И Лагунцов вновь и вновь возвращался к происшедшему, восстанавливая его во всех деталях, словно это могло что-то изменить, задержать выход Дремова в свой последний роковой наряд на границу…
В тот день сержант Дремов наскоро собрался в наряд с пограничником первого года службы рядовым Олейниковым. Инструктировал и отдавал им приказ на охрану границы старший лейтенант Завьялов. Получив приказ, Дремов бодро, с каким-то небывалым подъемом отчеканил:
— Есть, выступить на охрану государственной границы Союза Советских Социалистических Республик!
Уже на выходе из казармы, хлопнув Олейникова по плечу, весело сказал напарнику:
— Вникай, Петро! А я пойду прощаться с границей…
«Попрощался!..» — Лагунцов сжал ладонями виски, пытаясь как можно яснее представить себе всю картину, словно был третьим в том парном наряде…
ПОСЛЕДНИЙ МЕТР
…Дойдя до центра участка, наряд свернул на правый фланг, двинулся по ластившейся к камышам скользкой тропинке, едва заметной под ногами. Луна над взгорочком лежала почти на земле — была на исходе ночь с долгим поздним рассветом.
Миновали заросли вереска, за которыми Олейникову поначалу, в первые дни службы, всегда чудилось что-то враждебное. Прислушались, остановившись, когда вдалеке, у кромки чистой воды, тяжело ворохнулся оставшийся на зимовку больной лебедь, которого пограничники подкармливали.

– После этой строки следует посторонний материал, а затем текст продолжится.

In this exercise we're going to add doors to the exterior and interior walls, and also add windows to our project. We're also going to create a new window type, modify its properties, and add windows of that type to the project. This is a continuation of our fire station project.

Под ногами прогибались доски настила на коротких бревнышках, вросших в топь. Вода, просачиваясь сквозь широкие щели, тонко свистела, как туго натянутая рыболовная леска. Гребешки волн, попадая в лунный отсвет, отливали тяжелым серебром. Блики исчезали, вспыхивали другие.

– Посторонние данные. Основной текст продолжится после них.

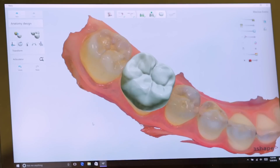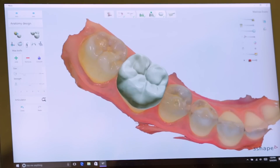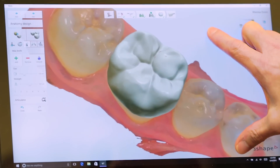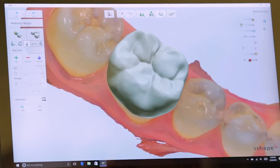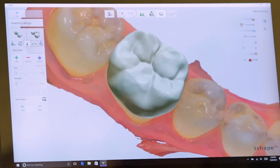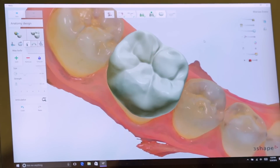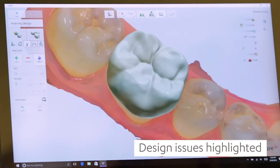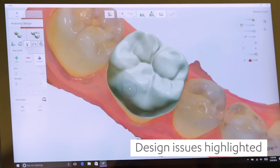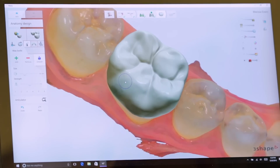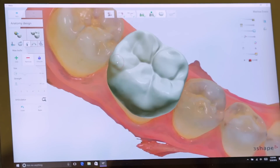Once you confirm the design you want, you can add to or take away from the restoration. The areas that are slightly pink, I can go in and easily add to and paint over. Now those areas are at a nice thickness. We can also smooth areas — if you want less anatomy, you can smooth those areas. You can also remove areas if you think you have too much bulk; it's very easy to remove in the software.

— Петро! — спрыгивая с досок негромко позвал Дремов. — Чего такой грустный?
— Ничего не грустный. Такой, как всегда…
— Не скажи. Уж я-то тебя изучил!..
— А ты сегодня больно веселый, — осторожно заметил Олейников старшему наряда.

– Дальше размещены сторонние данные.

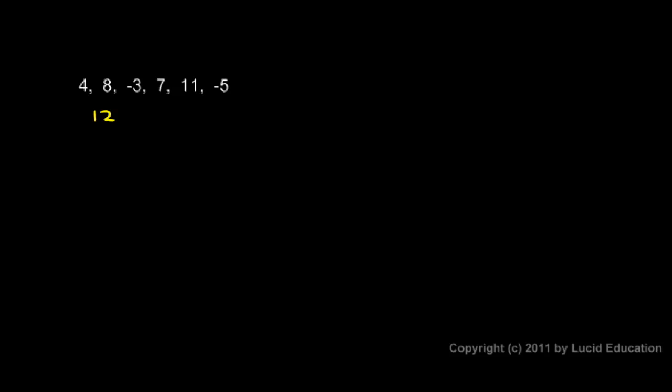I'm going to say 4 plus 8, that's 12. And then I have a minus 3. Let's go ahead and do that. The 12 minus 3 is equal to 9. And then that takes into account the 4, the 8, and the minus 3. Then I have a 7, so 9 plus 7. Well, that gives me a 16. So the 16 takes into account all of those four numbers.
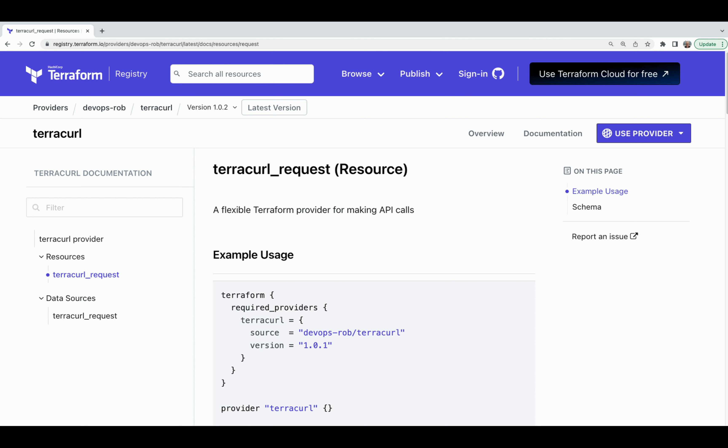Hey folks, this is your DevOps mentor Vladimir, and in this video I'll show you how to extend your Terraform configuration and create custom resources using the tool called TerraCurl.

— Эх, Петро, не поймешь ты… Я ведь два года здесь на службу ходил, каждый камешек, каждый кустик вот этими, — показал в темноте на руки, — обшарил. Потому и хочу с границей проститься. Может, завтра придет приказ — и до свидания. Так вот и уехать, не взглянув в последний раз на границу? Шутишь, брат. Я потом бредить службой буду и клясть себя, что не простился.
Они миновали последние метры гати, проложенной посуху, и начали спускаться с пригорочка к дозорной тропе. Дремов продолжал:
— Подыми меня ночью, приведи сюда и спроси: где мы? До метра тебе все определю. Погоди, ты тоже такое узнаешь… На, держи! — И передал Олейникову продолговатый пенал прибора ночного видения. Достал из кармана телефонную трубку с намотанным на шейку шнуром.
— Всё, Петр, пришли. Теперь помолчим. Служба!
Дремов подключил телефон в розетку, доложил дежурному по заставе о прибытии на участок, получил ответное «добро», потом легко миновал скользкий, будто намыленный, скат, спустился вниз по дозорке к контрольно-следовой полосе. Олейников едва поспевал за старшим наряда, боясь потерять положенную дистанцию.
Стоя внизу, Дремов подождал Олейникова, включил фонарь и молча махнул напарнику рукой: пошли.
И странное, непривычное спокойствие тотчас овладело Олейниковым. Смотрел на долговязую фигуру, на слегка повернутую в сторону сопредельного государства голову опытного сержанта и чувствовал, как отпускала обычная на границе настороженность, ослабевало напряжение.
Дремов шагал спокойно, луч мощного аккумуляторного фонаря ровно ложился на контрольно-следовую полосу, не мельтешил, высвечивая между борозд малейшие углубления и вмятины. Под ногами хрустели смерзшиеся комочки земли, потрескивал тонкий ледок. Местами на земле, особенно в низинах, белел редкий в этих краях снег, прихваченный морозцем, и луч фонаря в таких местах осветлялся, рассеивался.
— Год с лишним назад, — останавливаясь, шепотом сказал Дремов, показывая на некогда густое, а теперь голое ивовое дерево, — здесь получил крещение.
Олейников проследил, куда показывал старший наряда. Узкие и темные листики осыпавшейся ивы вмерзли в землю, плотно укрыли ее, сделав пятнистой, как маскхалат.
— Нарушитель здесь в резиновой калоше на одной ноге перескакал КСП. Ушлый попался. Думал, забыли такой старый прием, не разберемся. Вот так-то.